We first generate a random matrix with noise obscuring the planted submatrix using the function plantedsubmatrix
. and then call the function densub
to recover the planted submatrix.
# Initialize problem size and densities
# You can play around with these parameters
M=100 #number of rows of sampled matrix
N=200 #number of columns of sampled matrix
m=50 #number of rows of dense submatrix
n=40 #number of columns of dense submatrix
p=0.25 # noise density
q=0.85 #in-group density
#Make binary matrix with mn-submatrix
random<-plantedsubmatrix(M=M, N=N,m=m,n=n,p=p,q=q)
After generating the structure random
containing the random matrix with desired planted structure, we can visually represent the matrix and planted submatrix as two-tone images, where dark pixels correspond to nonzero entries, and light pixels correspond to zero entries, using the following commands.
# Plot sampled G and matrix representations.
image(random$sampled_matrix, useRaster=TRUE, axes=FALSE, main = "Matrix A")
image(random$dense_submatrix, useRaster=TRUE, axes=FALSE, main = "Matrix X0")
image(random$disagreements, useRaster=TRUE, axes=FALSE, main = "Matrix Y0")
Tne vizualization of the randomly generated matrix \(\mathbf{A}\) helps us to understand its structure. It is clear that \(\mathbf{A}\) contains a dense \(50 \times 40\) block (in the bottom left corner).
We can remove all noise and isolate an image of a rank-one matrix \(\mathbf{X0}\) with \(mn\) nonzero entries.
Then we vizualize matrix \(\mathbf{Y0}\) to see the number of disagreements between original matrix \(\mathbf{A}\) and \(\mathbf{X0}\).
We call the ADMM solver and visualize the output using the following commands.
#Call ADMM solver
admm<-densub(G=random$sampled_matrix, m=m, n=n, tau = 0.35, gamma = 6/(sqrt(m*n)*(q-p)), opt_tol = 1.0e-4,maxiter=500, quiet = TRUE)
#Plot results
image(admm$X, useRaster=TRUE, axes=FALSE, main = "Matrix X")
image(admm$Y, useRaster=TRUE, axes=FALSE, main = "Matrix Y")
The ADMM solver returns the optimal solutions \(\mathbf{X}\) and \(\mathbf{Y}\).
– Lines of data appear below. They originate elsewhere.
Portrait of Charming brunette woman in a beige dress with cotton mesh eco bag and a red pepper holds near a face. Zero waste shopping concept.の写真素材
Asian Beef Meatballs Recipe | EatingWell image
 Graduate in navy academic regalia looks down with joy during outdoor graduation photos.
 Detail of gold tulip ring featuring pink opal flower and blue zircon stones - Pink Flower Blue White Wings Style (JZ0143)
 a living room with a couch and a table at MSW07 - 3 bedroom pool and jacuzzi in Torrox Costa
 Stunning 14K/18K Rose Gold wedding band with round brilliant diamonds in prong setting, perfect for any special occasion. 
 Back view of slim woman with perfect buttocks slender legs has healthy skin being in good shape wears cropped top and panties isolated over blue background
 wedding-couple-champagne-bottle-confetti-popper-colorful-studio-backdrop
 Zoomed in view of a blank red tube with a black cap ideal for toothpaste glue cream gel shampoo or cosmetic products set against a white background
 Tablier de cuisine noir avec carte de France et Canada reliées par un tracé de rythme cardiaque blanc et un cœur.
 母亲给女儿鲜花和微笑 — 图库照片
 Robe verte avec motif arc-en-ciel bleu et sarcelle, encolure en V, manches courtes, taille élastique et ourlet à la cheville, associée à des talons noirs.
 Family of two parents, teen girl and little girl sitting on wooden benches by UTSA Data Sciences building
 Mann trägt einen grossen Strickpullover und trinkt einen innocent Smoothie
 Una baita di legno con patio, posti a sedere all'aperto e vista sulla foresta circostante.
It must be noted that matrices \(\mathbf X\) and \(\mathbf Y\) are identical to the actual structures of \(\mathbf{X_0}\) and \(\mathbf{Y_0}\). The planted submatrix is recovered.
The following is a simple example on how one could use the package to analyze the collaboration network found in the JAZZ dataset. It is known that this network contains a cluster of \(100\) musicians which performed together.
We have already prepared dataset to work with. More details can be found in the provided file JAZZ_IN_R.R.
#Load dataset
load(file="JAZZ.RData")
#Initialize problem size and densities
G=new #define matrix G equivalent to JAZZ dataset
m=100 #clique size or the number of rows of the dense submatrix
n=100 #clique size of the number of columns of the dense sumbatrix
tau=0.85 #regularization parameter
opt_tol=1.0e-2 #optimal tolerance
verbose=1
maxiter=2000 #number of iterations
gamma=8/n #regularization parameter
#call ADMM solver
admm <- densub(G = G, m = m, n = n, tau = tau, gamma = gamma, opt_tol = opt_tol, maxiter=maxiter, quiet = TRUE)
# Planted solution X0.
X0=matrix(0L, nrow=198, ncol=198) #construct rank-one matrix X0
X0[1:100,1:100]=matrix(1L, nrow=100, ncol=100)#define dense block
# Planted solution Y0.
Y0=matrix(0L, nrow=198, ncol=198) #construct matrix for counting disagreements between G and X0
Y0[1:100,1:100]=matrix(1L,nrow=100,ncol=1000)-G[1:100,1:100]
#Check primal and dual residuals.
C=admm$X-X0
a=norm(C, "F") #Frobenius norm of matrix C
b=norm(X0,"F") #Frobenius norm of matrix X0
recovery = matrix(0L,nrow=1, ncol=1)#create recovery matrix
if (a/b^2<opt_tol){
recovery=recovery+1
} else {
recovery=0 #Recovery condition
}
Our algorithm converges to the dense submatrix representing the community of \(100\) musicians after \(50\) iterations.